48. It was clear to me from my evaluation of the evidence that the Prosecution did not prove the ingredient of penetration to the required legal standard. What was clear from the evidence however was that the two minors spent the night in the house of one Amos whom PW2 described as her boyfriend and whom she stated slept with her friend while she slept with the Appellant. The circumstances show that she may or may not have been penetrated that particular night as the only cogent evidence presented showed earlier sexual activity.
49. The ingredients of defilement had to be proved conjunctively and not disjunctively. When an ingredient could not be adequately established, it created doubt and that doubt however little must go to the benefit of the Appellant. The evidence in this case showed a very strong suspicion that the Appellant did penetrate the victim on the material night. The law however is clear that suspicion alone cannot found a conviction.
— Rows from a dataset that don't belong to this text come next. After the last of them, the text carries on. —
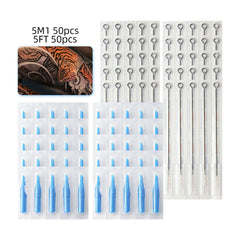 ATOMUS Tattoo Traditional Needle + Tattoo Tips M1 + FT Mix 100pcs #12 0.35mm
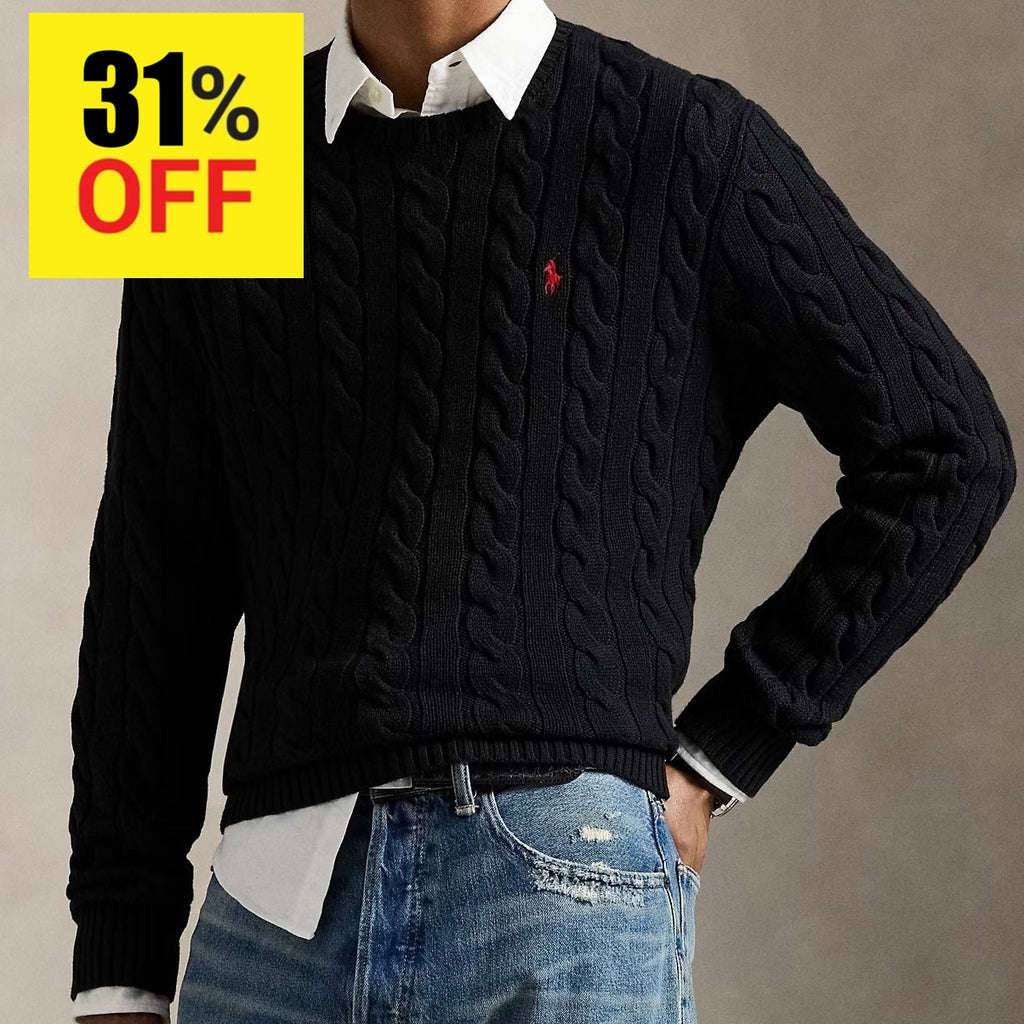 P.o-L.O R.A-L.P.H L.A.U-R.E.N Cable-Knit Cotton Jumper Black Custom Slim Fit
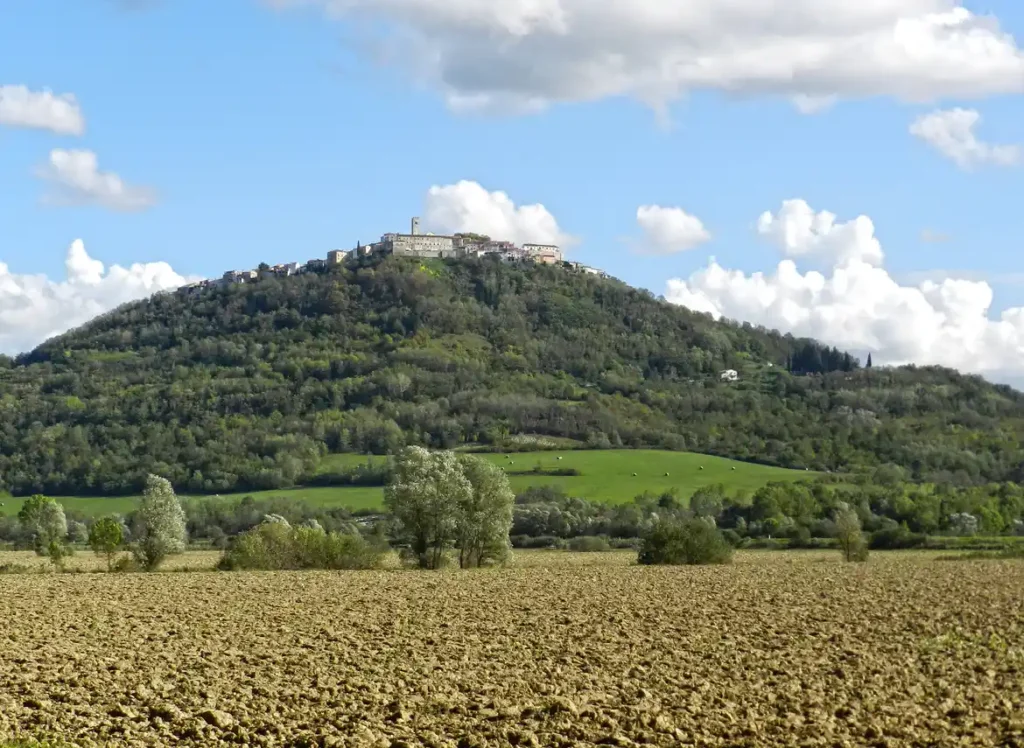 Pitoreskni Motovun, pogled iz doline Mirne.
50. This case clearly demonstrates how the system failed the two minors. At 14, they left school and went to the house of one Amos the Appellant’s friend who clearly took advantage of their naivity. The investigation was either wanting or compromised with the result that no credible evidence was laid before the court leaving only the evidence of the minors’ physical presence in Amos’ house where they spent the night in the company of both the Appellant and his friend Amos.
51. In the final analysis, it is my finding that the Prosecution did not prove its case against the Appellant to the required legal standard.
52. In the end, the Appeal dated 13th June 2023 is allowed. I set aside the Appellant’s conviction and quash his sentence. The Appellant is set at liberty forthwith unless otherwise lawfully held.
Orders accordingly.
JUDGEMENT DELIVERED, DATED AND SIGNED THIS 19TH DAY OF DECEMBER 2024. ........................R. LAGAT-KORIRJUDGEJudgement delivered in the presence of Mr. Njeru for the state, Appellant present acting in person and Siele (Court Assistant).